Well, let’s start. Our first seven days in the Big Apple began mostly relaxed and without many obligations. It took us some days to overcome our jet lags and to get along with all the new things. We used the time to explore the greater neighborhood and to gain first impressions of the city.
We found our first apartment in Harlem in the north of the Manhattan island, more precisely on W 127th Street. The neighborhood of Harlem is separated into East and West Harlem where gentrification has influenced the West more than the East so far. Harlem is a mostly black neighborhood and according to Wikipedia rather affected by poverty. Nevertheless, lots of shops line the street offering organic food, branded clothing or international mobile plans. But there is also a “Berlin Späti”-like store concept that can be found at hardly every block, the Deli.
Typical New York Brown Stone Houses shape the image of residential areas. These row-houses are built from brown stones - or at least brown-painted stones - and look almost the same. They have a ground floor which usually is three steps below sidewalk level and can be entered through a door that is underneath the stairs to the actual main entrance on the second floor. Apart from these two levels, there are usually at least two further floors above. Most of the mid- or long-term rental apartments offered in the internet are located in any floor of such houses.

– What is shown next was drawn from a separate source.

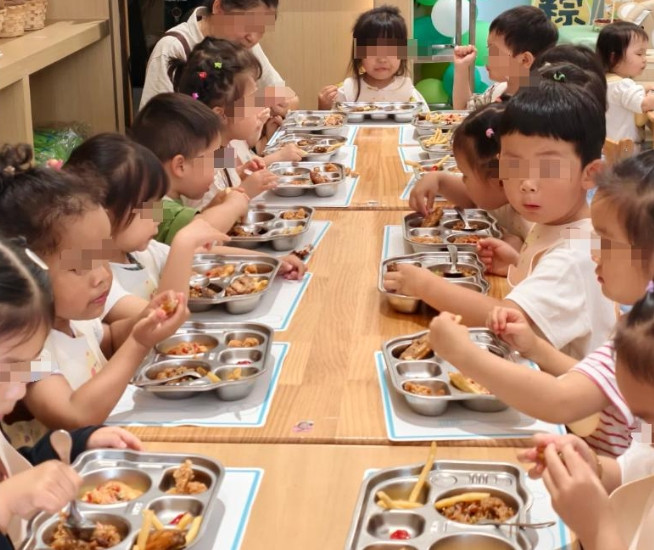 幼儿园节日餐引争议：是“无良”还是“矫情”？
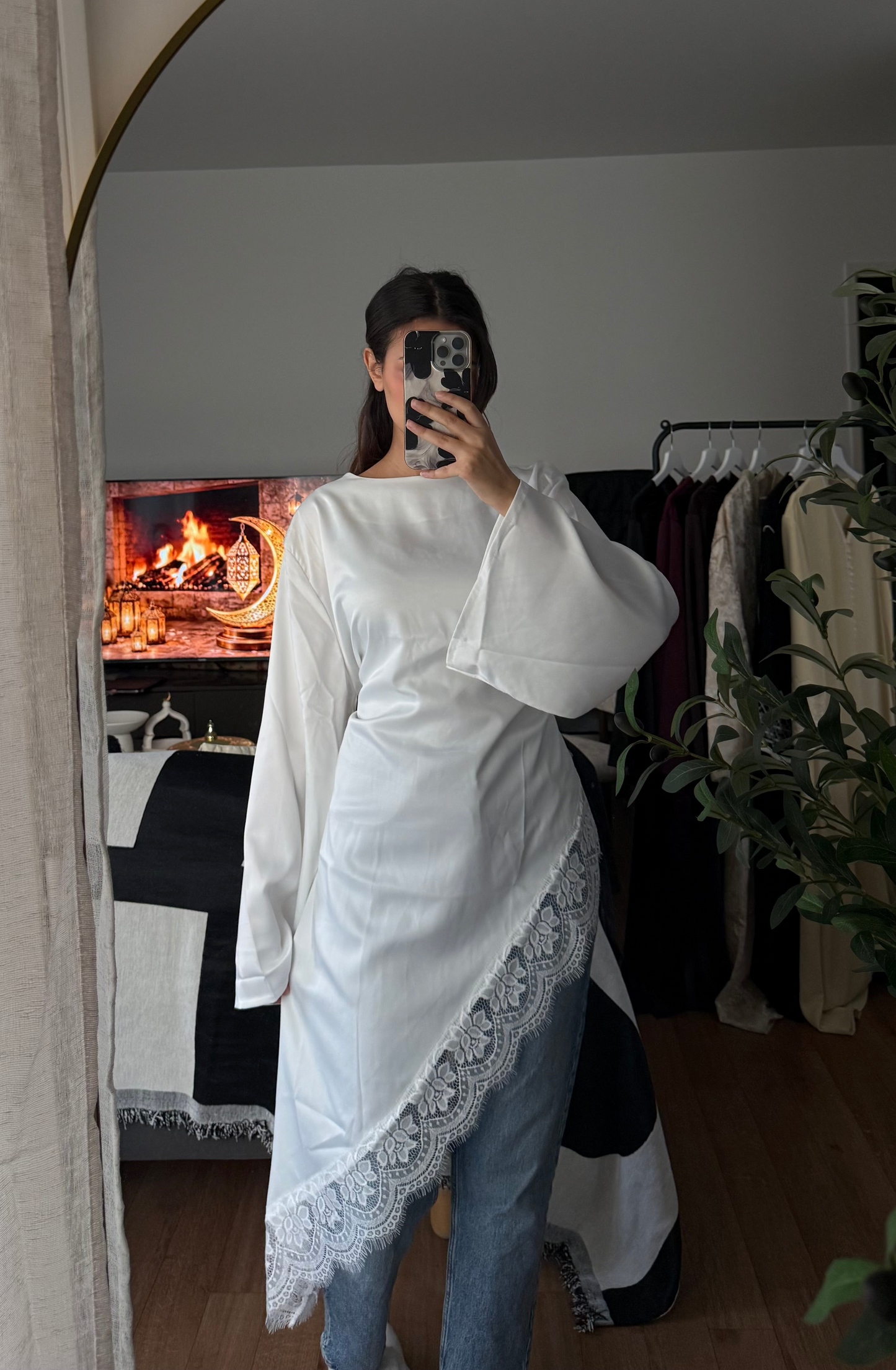 TOP SATINÉ MANCHES LONGUES NOUÉ DANS LE DOS À BORDS EN DENTELLE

The Central Park bounds Harlem in the south. We paid the park our first visit at a sunny (but cold) day last week. Its size is phenomenal. We entered coming from 5th Avenue and spent an hour to pass 1⁄3 of the park. Even though it was cold lots of sporty people used Central Park’s hills for jogging and cycling. Apart from that the lawns still were empty. What might probably change as soon as spring is coming.
East of the park the Upper East Side unfolds. In contrast to Harlem this area is wealthier and - at least from what we saw so far - home for many Latin-Americans. We had a huuuge New York Style Pizza at Lexington Pizza Parlor.
The ones who read my first post about our time in New York might remember that the reason for us to stay here is actually Lê’s PhD thesis. Hence, we spent some time on the Columbia campus as well. The Institute for the Study of Human Rights resides in the Riverside Church at Morningside Heights… Yes, Riverside Church. Unlike in Germany, there seems to be no reservations about joining secular and clerical utilization under the roof of one and the same building.
Right in Midtown Manhattan flickers and pulsates Times Square. The narrow streets that seem to cut deep gorges separating gatherings of skyscrapers are congested with traffic. Crowds of people flood the pedestrians. Giant glass fronts reflect hundreds of screens, neon signs and tickers. To me, Times Square has always been the symbol for New York City.